## [Activity]
When the word "Women" shows up in a line of the data below, copy that whole line.

START Records provided

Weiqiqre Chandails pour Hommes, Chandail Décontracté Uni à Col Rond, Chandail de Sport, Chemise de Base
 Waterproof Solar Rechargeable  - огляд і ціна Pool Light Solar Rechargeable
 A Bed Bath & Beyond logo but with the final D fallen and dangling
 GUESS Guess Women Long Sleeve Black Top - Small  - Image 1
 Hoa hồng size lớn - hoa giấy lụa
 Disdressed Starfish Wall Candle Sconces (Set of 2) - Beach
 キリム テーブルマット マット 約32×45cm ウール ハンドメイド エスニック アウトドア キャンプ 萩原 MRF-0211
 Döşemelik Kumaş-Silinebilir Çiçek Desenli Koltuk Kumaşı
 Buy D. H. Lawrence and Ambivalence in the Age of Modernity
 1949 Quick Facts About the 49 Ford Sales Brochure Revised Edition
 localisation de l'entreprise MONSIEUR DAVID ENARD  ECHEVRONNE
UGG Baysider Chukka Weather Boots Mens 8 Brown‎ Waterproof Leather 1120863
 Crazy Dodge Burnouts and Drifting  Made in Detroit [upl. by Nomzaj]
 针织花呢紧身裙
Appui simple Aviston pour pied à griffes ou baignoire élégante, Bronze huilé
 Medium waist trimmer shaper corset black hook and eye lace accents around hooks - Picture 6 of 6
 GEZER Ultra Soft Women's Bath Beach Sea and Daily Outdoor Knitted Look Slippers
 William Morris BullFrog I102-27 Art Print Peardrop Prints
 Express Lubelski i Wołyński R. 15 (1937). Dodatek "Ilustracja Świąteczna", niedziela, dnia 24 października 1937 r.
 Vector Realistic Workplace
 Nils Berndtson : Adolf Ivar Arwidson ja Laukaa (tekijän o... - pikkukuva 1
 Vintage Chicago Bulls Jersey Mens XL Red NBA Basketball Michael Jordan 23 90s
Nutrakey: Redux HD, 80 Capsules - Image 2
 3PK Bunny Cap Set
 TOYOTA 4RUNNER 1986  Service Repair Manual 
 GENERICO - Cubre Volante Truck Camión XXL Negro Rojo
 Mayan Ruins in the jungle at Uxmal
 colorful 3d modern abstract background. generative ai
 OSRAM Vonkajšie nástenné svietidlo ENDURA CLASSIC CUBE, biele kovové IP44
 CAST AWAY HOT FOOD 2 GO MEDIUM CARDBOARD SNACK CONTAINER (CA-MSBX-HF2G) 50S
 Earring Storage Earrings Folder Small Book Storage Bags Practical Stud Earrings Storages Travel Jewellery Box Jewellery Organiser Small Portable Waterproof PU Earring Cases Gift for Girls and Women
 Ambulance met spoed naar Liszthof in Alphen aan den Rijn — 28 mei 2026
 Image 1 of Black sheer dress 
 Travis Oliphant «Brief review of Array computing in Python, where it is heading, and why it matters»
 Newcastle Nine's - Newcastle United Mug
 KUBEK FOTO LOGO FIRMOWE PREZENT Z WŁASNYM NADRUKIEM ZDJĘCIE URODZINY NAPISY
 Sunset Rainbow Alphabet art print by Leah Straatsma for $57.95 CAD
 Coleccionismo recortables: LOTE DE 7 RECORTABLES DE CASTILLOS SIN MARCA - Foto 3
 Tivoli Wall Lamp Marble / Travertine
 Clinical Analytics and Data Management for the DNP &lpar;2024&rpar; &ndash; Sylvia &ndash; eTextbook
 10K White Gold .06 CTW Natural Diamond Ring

END Records provided

## [Exercise response]
 GUESS Guess Women Long Sleeve Black Top - Small  - Image 1
 GEZER Ultra Soft Women's Bath Beach Sea and Daily Outdoor Knitted Look Slippers
 Earring Storage Earrings Folder Small Book Storage Bags Practical Stud Earrings Storages Travel Jewellery Box Jewellery Organiser Small Portable Waterproof PU Earring Cases Gift for Girls and Women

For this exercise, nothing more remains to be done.